• **Records for the exercise**
↓↓↓

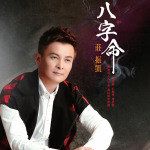 八字命-cover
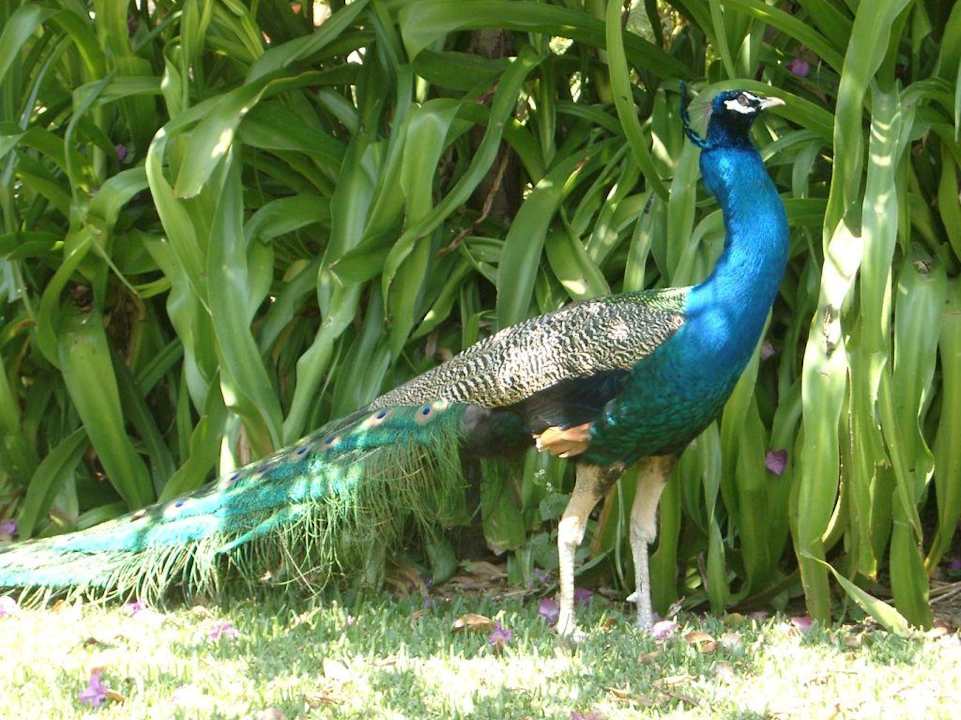 Im Garten des Hotels Hotel Atitlan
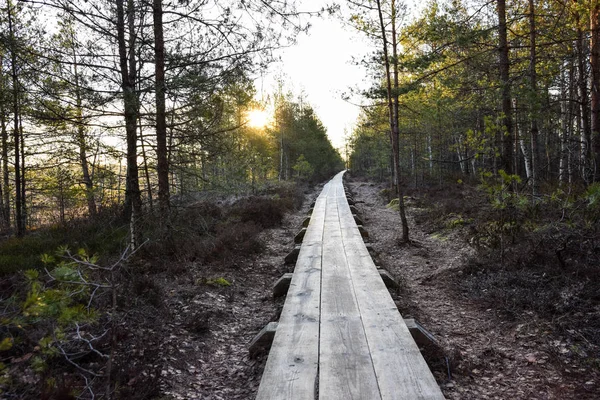 Wooden Road Swamp Morning — Stock Photo, Image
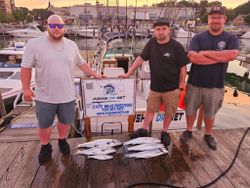 Successful fishing charter results displayed on dock at Port Washington WI marina with caught fish
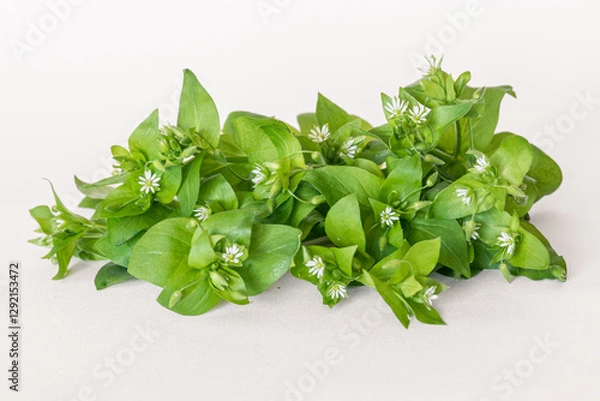 Obraz chickweed herb isolated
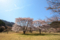 20180410130837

↑↑↑

• **Task to carry out**
To complete the exercise, return the listing above exactly and omit its pictures.

• **Expected answer**
 八字命-cover
 Im Garten des Hotels Hotel Atitlan
 Wooden Road Swamp Morning — Stock Photo, Image
 Successful fishing charter results displayed on dock at Port Washington WI marina with caught fish
 Obraz chickweed herb isolated
 20180410130837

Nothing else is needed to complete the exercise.